For the string "produced", search the entries below and copy every line where it appears.

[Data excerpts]
= = = =

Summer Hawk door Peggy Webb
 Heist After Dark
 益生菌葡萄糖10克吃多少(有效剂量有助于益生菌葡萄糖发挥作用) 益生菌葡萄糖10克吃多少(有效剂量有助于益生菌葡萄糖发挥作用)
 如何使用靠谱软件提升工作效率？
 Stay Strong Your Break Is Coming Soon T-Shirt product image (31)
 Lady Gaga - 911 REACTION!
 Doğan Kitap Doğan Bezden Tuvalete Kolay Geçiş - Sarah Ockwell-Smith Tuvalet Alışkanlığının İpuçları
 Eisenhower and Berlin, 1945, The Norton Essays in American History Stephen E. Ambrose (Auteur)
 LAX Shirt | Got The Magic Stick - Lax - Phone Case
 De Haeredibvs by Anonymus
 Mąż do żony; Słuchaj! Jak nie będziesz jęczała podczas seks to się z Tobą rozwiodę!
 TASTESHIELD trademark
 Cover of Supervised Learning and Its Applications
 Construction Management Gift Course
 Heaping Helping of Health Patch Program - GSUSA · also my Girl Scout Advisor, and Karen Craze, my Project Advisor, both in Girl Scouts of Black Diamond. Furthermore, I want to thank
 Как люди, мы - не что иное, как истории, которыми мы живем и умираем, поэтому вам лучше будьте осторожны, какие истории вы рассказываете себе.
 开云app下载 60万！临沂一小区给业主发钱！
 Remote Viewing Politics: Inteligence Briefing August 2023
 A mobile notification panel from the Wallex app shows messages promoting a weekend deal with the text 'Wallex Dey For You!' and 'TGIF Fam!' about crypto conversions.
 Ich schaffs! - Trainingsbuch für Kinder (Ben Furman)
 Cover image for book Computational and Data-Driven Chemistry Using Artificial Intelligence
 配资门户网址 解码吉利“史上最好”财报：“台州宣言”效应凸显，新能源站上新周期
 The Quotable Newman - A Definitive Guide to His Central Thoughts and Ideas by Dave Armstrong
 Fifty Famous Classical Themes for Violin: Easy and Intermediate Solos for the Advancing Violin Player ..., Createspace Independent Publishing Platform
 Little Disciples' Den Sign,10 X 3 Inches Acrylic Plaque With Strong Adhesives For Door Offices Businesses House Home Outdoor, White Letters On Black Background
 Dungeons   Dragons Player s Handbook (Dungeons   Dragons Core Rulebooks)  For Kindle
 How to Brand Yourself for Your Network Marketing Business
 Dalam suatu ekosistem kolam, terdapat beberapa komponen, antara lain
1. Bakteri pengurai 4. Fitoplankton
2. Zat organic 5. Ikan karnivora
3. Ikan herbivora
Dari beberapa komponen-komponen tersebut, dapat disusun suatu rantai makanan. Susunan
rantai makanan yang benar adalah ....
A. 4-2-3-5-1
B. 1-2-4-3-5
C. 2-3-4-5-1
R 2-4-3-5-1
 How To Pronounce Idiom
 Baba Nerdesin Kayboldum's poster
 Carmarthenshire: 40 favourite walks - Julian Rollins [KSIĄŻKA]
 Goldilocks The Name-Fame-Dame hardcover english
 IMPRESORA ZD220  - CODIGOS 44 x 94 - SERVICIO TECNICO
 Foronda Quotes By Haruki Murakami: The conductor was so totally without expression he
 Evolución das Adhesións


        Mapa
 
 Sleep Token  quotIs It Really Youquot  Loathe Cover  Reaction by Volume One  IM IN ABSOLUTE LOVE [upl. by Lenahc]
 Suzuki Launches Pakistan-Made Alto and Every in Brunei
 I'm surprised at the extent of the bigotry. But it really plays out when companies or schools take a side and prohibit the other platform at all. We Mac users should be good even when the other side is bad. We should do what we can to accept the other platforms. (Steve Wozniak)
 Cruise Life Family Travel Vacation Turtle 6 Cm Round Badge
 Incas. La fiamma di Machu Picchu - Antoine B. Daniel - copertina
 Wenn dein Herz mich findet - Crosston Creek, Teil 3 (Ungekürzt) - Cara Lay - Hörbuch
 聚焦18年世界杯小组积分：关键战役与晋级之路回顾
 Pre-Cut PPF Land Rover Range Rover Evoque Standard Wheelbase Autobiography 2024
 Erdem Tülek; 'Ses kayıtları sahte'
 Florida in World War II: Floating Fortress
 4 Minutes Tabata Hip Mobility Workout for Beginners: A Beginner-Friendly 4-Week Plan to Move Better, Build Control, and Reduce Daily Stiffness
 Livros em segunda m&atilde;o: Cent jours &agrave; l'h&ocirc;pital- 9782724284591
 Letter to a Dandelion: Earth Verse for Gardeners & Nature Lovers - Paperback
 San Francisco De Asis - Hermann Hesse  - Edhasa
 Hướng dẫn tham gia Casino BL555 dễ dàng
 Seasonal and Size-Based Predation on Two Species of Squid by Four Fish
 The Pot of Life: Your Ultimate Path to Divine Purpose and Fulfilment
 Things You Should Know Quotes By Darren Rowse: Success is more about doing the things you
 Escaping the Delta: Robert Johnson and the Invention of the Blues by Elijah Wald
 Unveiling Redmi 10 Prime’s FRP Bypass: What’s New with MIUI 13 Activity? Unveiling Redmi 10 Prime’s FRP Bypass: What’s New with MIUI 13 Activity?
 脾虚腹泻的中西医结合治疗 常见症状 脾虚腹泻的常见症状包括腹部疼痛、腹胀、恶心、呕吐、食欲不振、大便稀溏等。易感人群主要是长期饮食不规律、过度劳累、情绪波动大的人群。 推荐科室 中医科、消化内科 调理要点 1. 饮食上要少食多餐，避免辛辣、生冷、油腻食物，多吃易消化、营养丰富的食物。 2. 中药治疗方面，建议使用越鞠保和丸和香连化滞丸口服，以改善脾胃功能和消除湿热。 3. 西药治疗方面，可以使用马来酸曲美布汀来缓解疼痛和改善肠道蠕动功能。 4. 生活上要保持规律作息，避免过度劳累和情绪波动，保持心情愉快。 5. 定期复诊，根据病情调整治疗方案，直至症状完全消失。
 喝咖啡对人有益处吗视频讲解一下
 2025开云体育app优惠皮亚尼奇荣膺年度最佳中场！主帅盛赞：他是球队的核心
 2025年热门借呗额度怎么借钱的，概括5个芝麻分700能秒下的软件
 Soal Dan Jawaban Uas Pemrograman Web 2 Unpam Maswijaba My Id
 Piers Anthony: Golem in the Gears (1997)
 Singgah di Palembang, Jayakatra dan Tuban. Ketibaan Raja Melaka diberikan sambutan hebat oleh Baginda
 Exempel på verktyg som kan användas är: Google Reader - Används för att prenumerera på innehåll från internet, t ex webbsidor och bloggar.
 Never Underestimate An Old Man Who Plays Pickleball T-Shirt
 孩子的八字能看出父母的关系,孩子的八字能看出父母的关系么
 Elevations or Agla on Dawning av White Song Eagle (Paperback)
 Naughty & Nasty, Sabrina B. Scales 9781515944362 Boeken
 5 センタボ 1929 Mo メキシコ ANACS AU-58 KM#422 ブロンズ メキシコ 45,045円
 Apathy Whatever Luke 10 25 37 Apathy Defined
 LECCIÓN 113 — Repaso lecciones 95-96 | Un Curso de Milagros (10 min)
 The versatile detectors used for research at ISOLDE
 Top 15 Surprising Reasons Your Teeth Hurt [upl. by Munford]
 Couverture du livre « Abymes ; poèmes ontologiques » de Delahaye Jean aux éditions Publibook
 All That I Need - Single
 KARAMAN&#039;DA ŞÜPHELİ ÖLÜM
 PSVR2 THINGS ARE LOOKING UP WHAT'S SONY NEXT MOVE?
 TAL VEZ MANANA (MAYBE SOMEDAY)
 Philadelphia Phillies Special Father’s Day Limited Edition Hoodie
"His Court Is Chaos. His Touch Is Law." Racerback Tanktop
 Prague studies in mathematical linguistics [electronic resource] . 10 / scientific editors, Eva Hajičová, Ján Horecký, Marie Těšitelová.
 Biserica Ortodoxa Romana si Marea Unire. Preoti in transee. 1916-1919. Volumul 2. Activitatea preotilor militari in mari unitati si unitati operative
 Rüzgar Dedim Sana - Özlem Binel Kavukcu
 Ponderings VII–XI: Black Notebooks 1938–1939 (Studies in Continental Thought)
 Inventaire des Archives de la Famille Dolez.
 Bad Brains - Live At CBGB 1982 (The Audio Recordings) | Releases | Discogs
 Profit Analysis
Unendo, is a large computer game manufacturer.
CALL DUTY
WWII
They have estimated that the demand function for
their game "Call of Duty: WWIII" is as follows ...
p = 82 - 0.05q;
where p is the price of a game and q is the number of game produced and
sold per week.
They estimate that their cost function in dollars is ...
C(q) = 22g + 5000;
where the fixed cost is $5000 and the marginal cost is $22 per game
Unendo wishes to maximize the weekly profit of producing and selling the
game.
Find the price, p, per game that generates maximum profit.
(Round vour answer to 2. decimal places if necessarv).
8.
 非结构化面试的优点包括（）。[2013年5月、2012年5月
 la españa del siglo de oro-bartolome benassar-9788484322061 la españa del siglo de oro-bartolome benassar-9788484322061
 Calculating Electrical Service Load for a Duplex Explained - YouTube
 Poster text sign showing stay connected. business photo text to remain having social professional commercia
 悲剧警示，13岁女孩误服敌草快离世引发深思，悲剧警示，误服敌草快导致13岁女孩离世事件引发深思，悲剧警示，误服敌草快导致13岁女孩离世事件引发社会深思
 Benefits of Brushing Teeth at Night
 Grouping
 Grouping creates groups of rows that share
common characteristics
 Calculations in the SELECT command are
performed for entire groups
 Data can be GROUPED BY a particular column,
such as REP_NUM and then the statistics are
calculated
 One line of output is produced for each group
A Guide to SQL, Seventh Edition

= = = =

Solution -
where p is the price of a game and q is the number of game produced and
 One line of output is produced for each group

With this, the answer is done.